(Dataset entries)
-- Opening Marker --
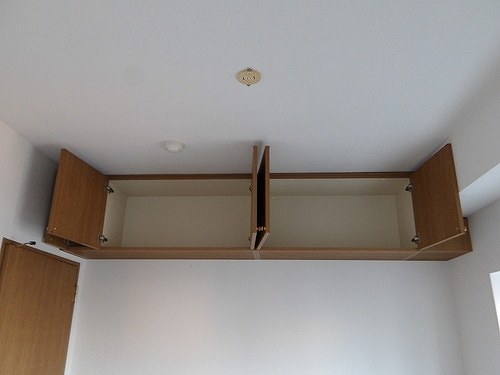 ライオンズマンション本川越駅前 吊戸棚（洋室）　※2025年11月内装後撮影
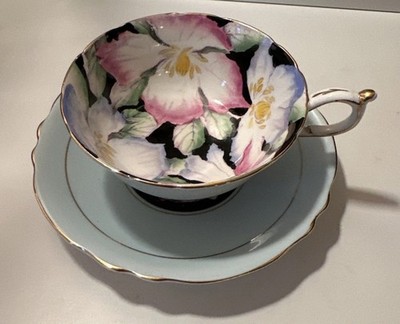 Vintage Paragon Double Warrant Primrose Cup & Saucer - England - Era 1939 - 1949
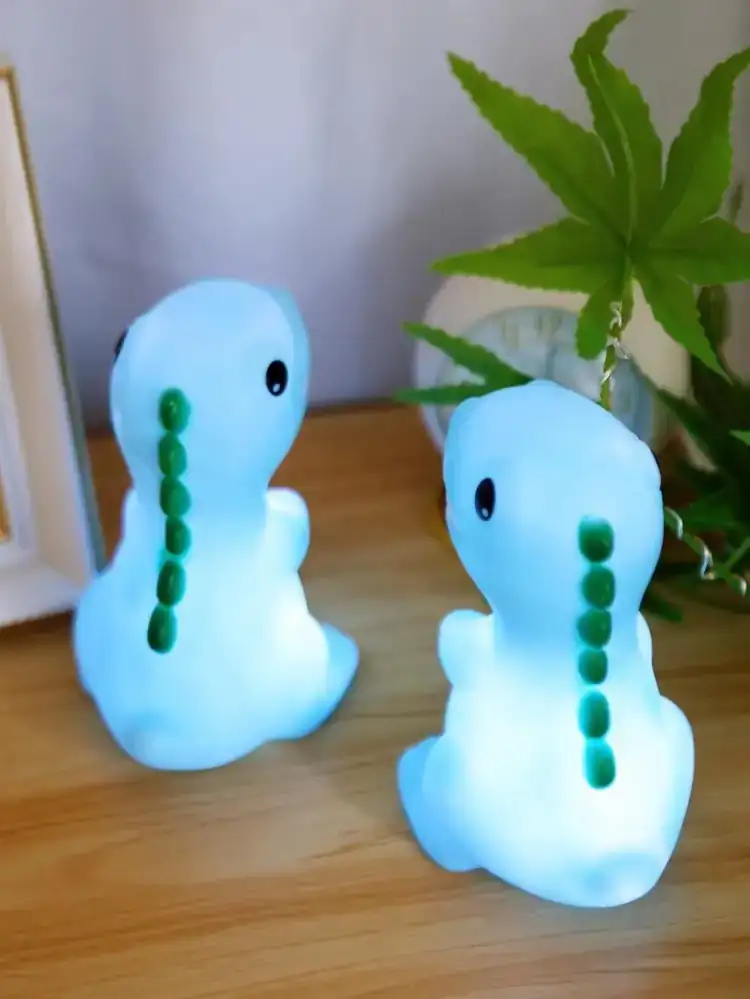 Lámpara pequeña de dinosaurio  2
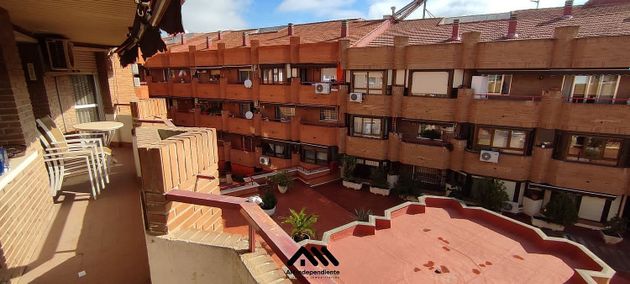 Foto 2 de Piso en venta en Centro - Getafe de 5 habitaciones con terraza y calefacción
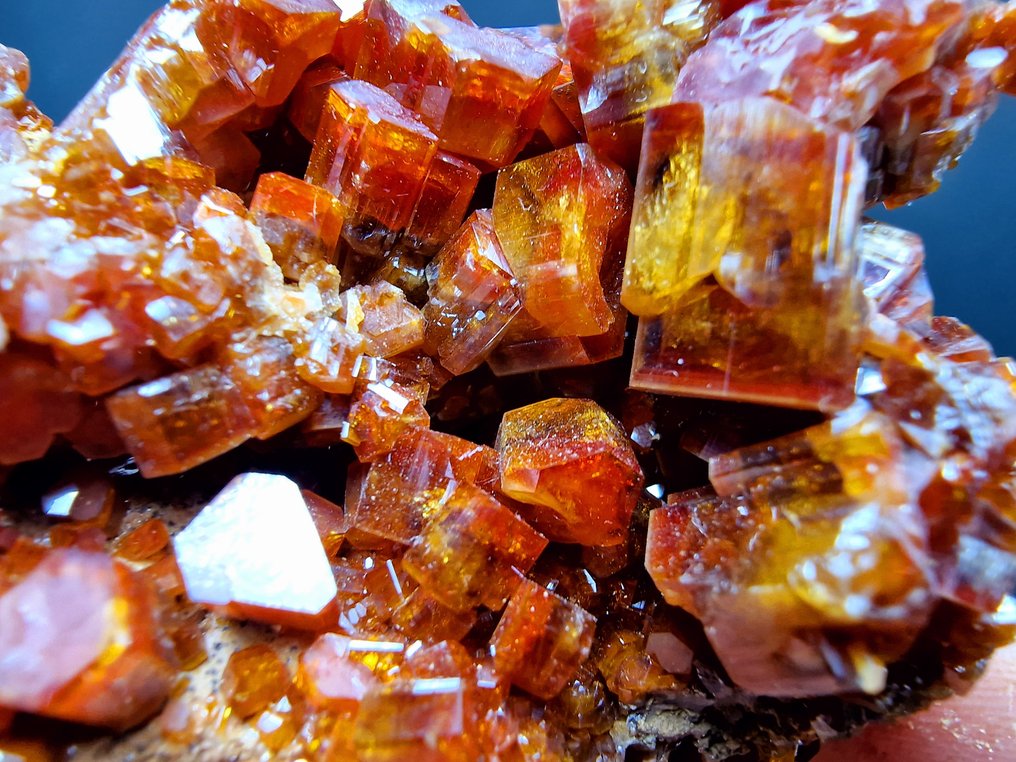 Vanadinite 最具攻击性的橙红色 - 高度: 90 mm - 闊度: 65 mm- 414 g - (1) #2.1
-- Closing Marker --
**Task:**
If an entry contains a picture, leave it out and repeat the rest exactly.

**Response to the task:**
 ライオンズマンション本川越駅前 吊戸棚（洋室）　※2025年11月内装後撮影
 Vintage Paragon Double Warrant Primrose Cup & Saucer - England - Era 1939 - 1949
 Lámpara pequeña de dinosaurio  2
 Foto 2 de Piso en venta en Centro - Getafe de 5 habitaciones con terraza y calefacción
 Vanadinite 最具攻击性的橙红色 - 高度: 90 mm - 闊度: 65 mm- 414 g - (1) #2.1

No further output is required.